▸ **THE PROBLEM**
With the pictures removed, retype the lines from the one holding "КП Сосновый аромат" through the end of the records, exactly as written.

▸ **RECORDS FOR THE EXERCISE**
========================================

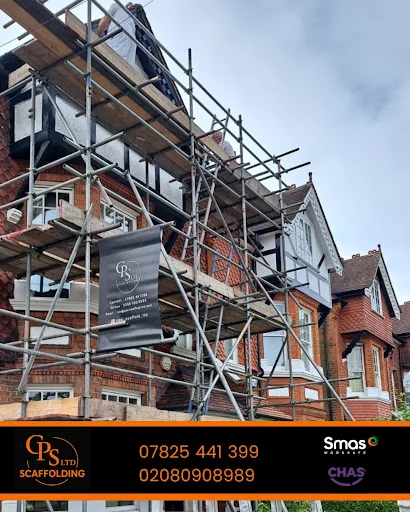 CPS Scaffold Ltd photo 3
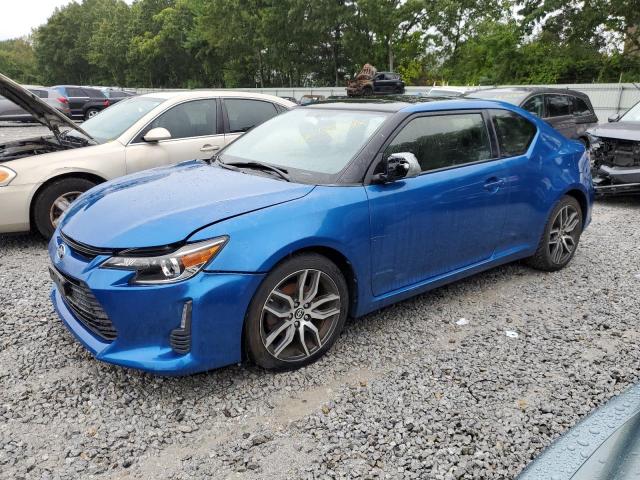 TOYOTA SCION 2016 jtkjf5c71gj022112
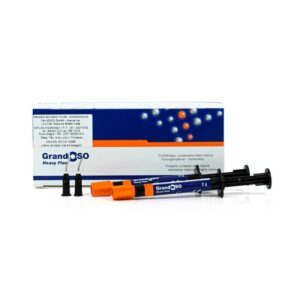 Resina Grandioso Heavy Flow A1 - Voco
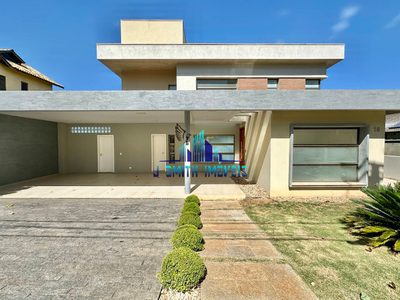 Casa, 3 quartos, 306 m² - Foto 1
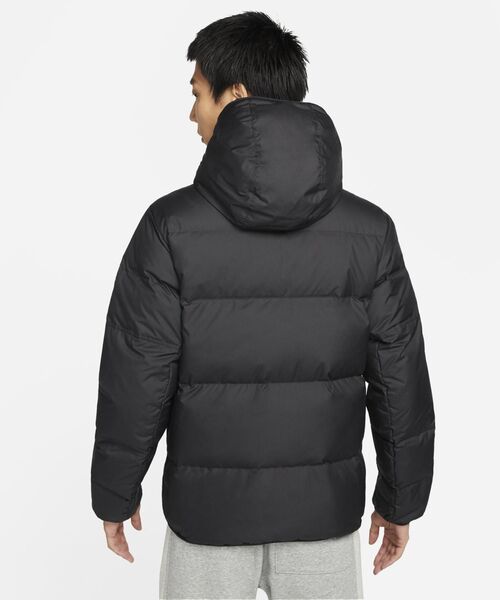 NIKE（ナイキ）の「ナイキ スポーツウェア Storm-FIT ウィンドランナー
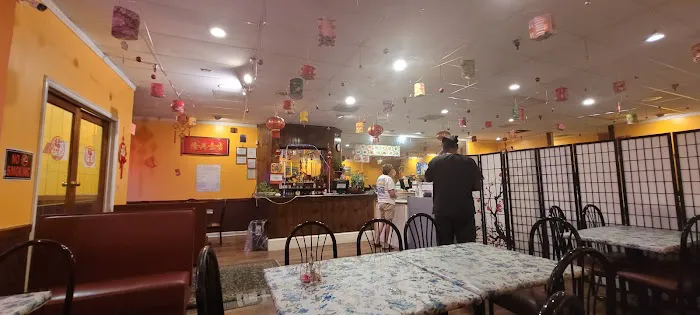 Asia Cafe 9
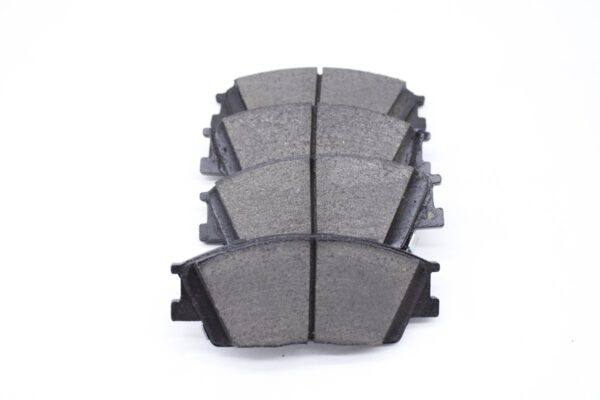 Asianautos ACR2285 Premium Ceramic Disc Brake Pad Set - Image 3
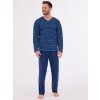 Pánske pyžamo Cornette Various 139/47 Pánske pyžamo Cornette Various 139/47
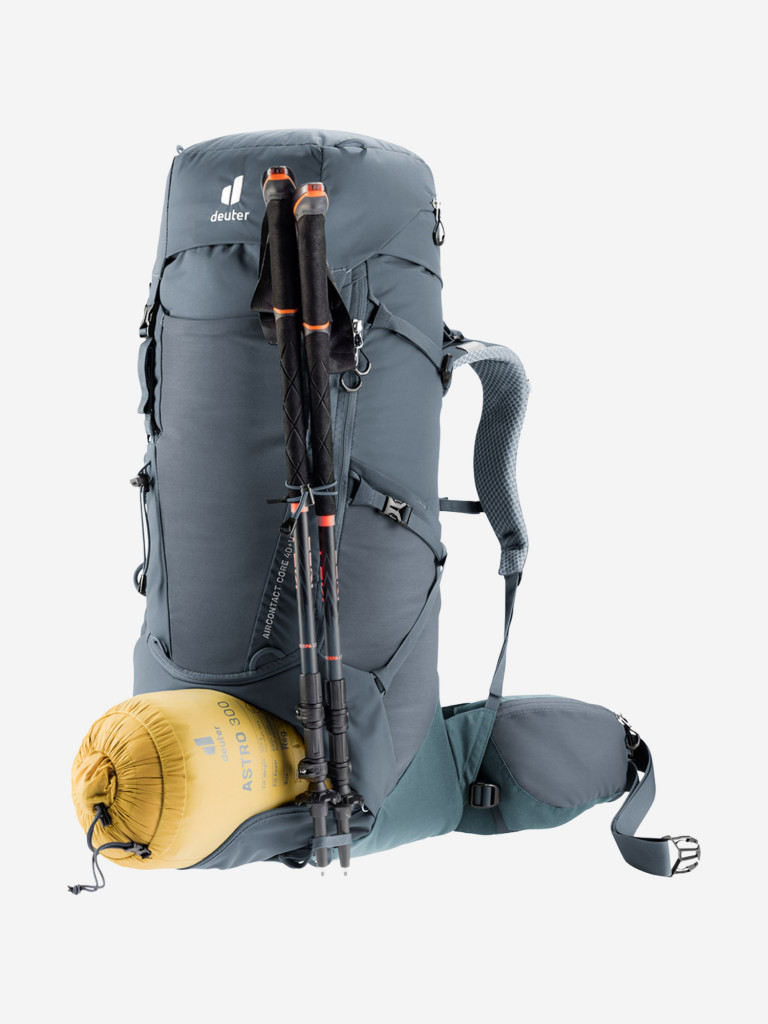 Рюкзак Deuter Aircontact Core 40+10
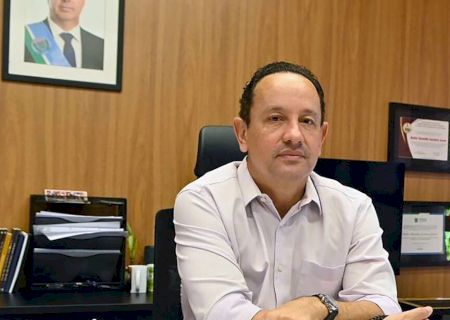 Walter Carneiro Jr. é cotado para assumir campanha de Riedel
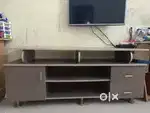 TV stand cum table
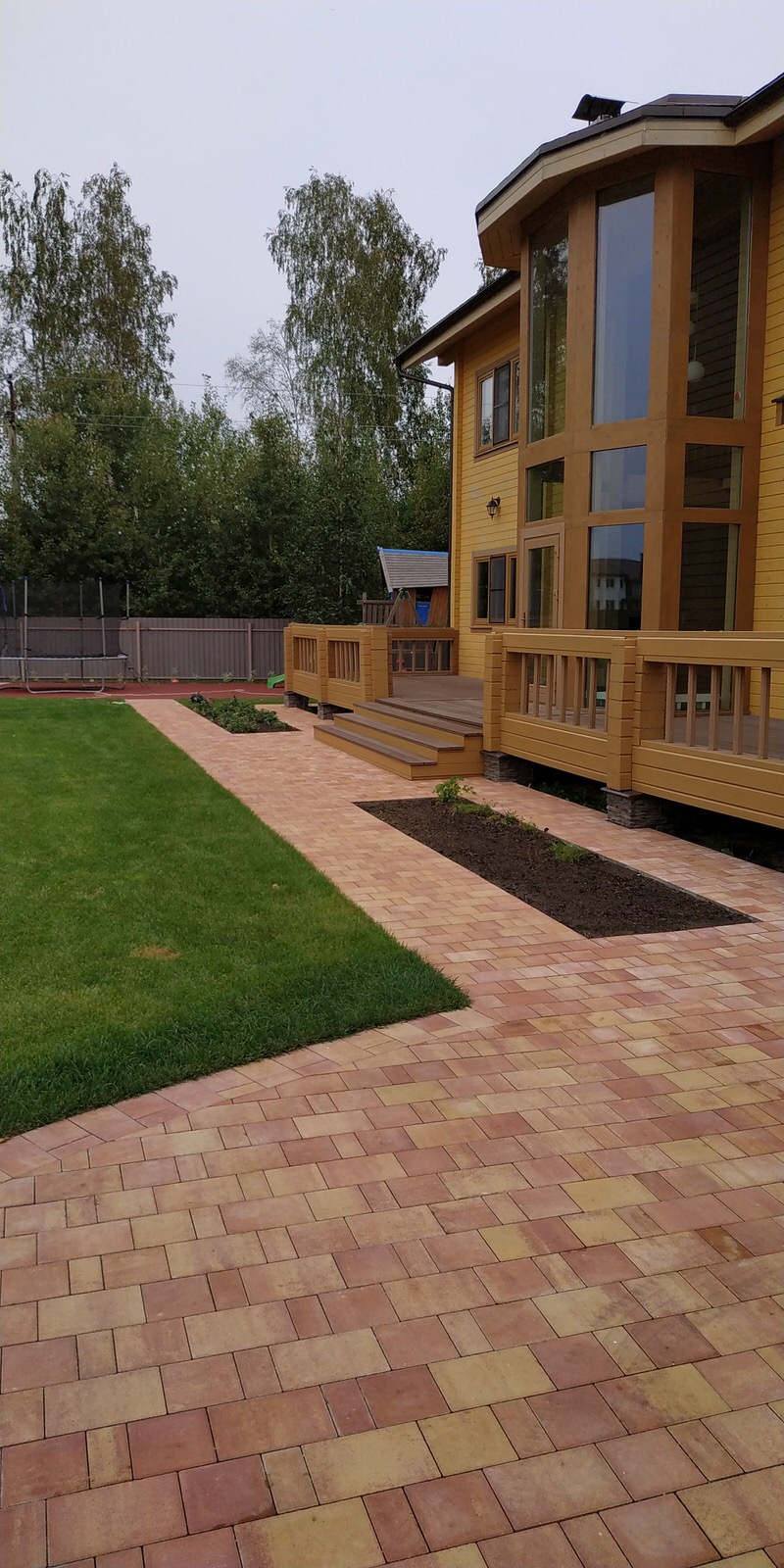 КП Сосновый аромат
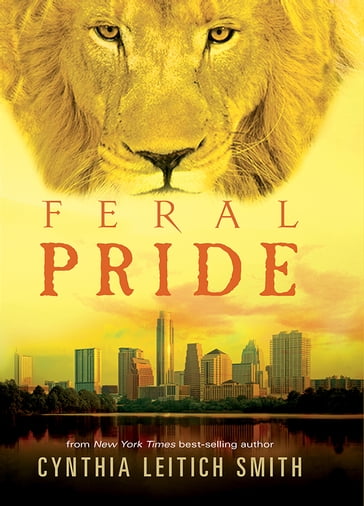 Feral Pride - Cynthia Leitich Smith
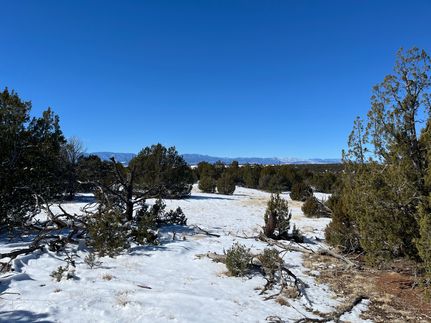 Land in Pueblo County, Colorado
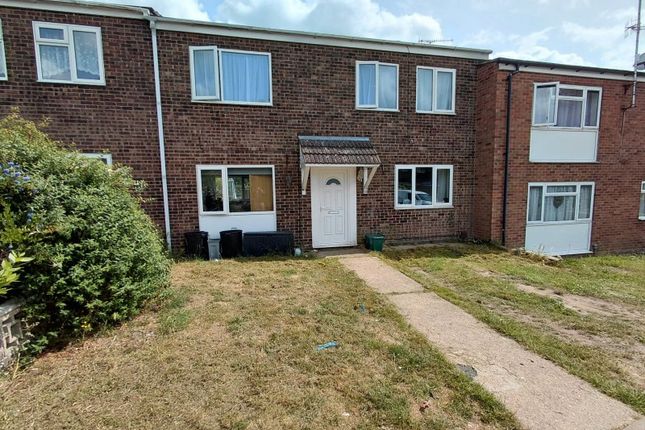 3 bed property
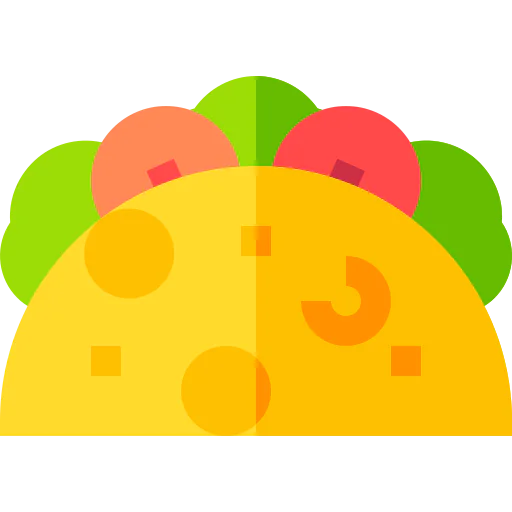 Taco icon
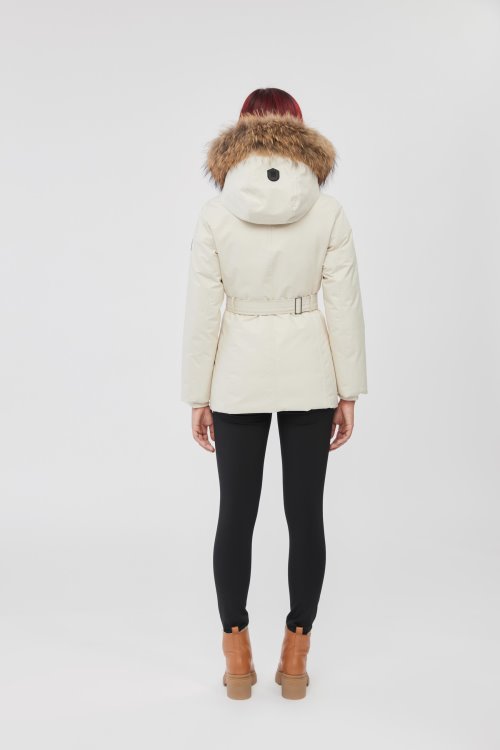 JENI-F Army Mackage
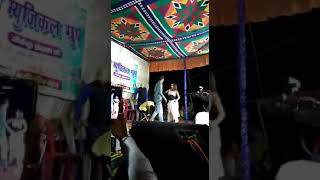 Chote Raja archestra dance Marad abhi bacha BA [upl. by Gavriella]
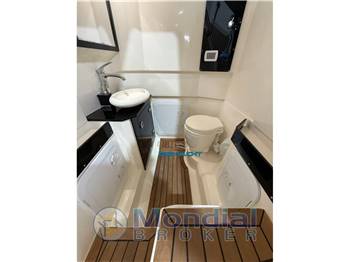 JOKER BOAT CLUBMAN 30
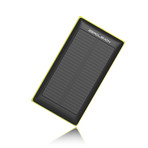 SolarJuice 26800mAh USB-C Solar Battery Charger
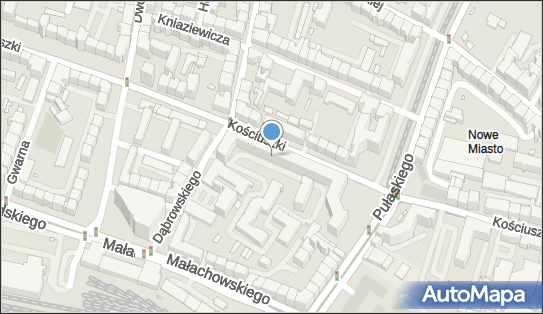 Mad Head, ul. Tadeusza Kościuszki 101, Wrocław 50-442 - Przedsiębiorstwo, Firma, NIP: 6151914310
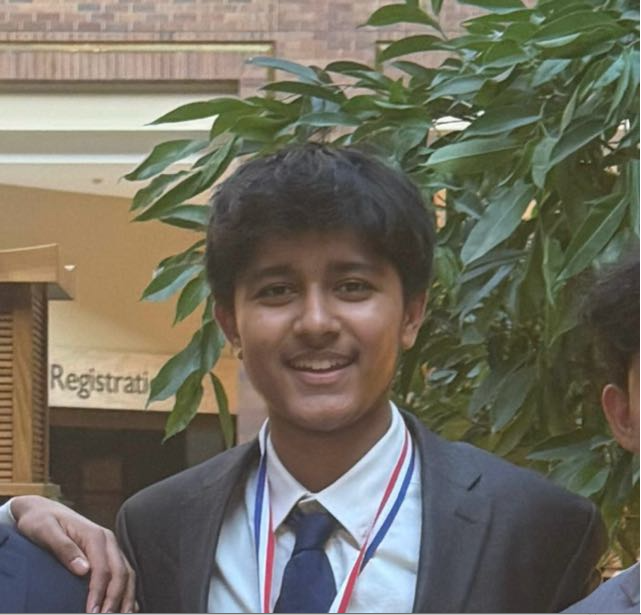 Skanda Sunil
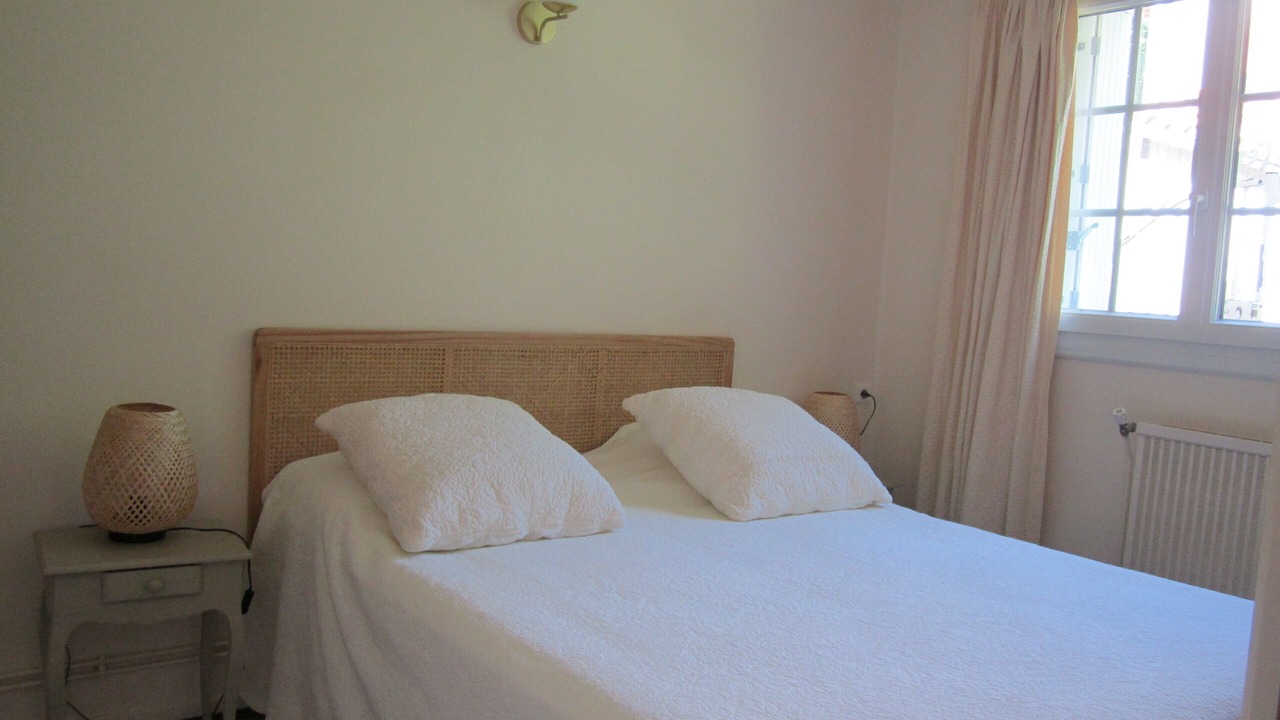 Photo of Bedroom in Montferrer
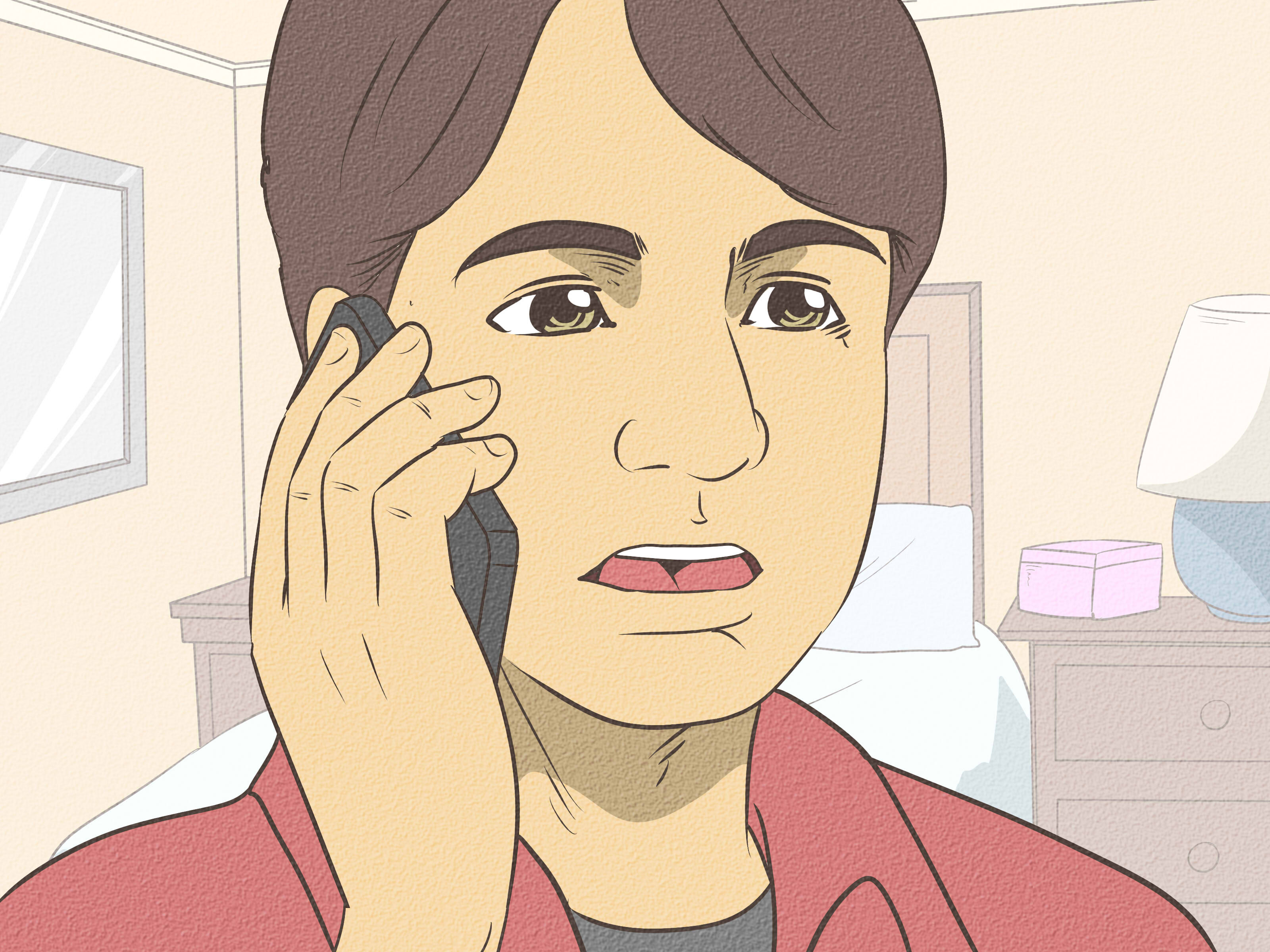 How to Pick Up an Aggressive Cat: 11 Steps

========================================

▸ **OUTPUT FOR THIS EXERCISE**
 КП Сосновый аромат
 Feral Pride - Cynthia Leitich Smith
 Land in Pueblo County, Colorado
 3 bed property
 Taco icon
 JENI-F Army Mackage
 Chote Raja archestra dance Marad abhi bacha BA [upl. by Gavriella]
 JOKER BOAT CLUBMAN 30
 SolarJuice 26800mAh USB-C Solar Battery Charger
 Mad Head, ul. Tadeusza Kościuszki 101, Wrocław 50-442 - Przedsiębiorstwo, Firma, NIP: 6151914310
 Skanda Sunil
 Photo of Bedroom in Montferrer
 How to Pick Up an Aggressive Cat: 11 Steps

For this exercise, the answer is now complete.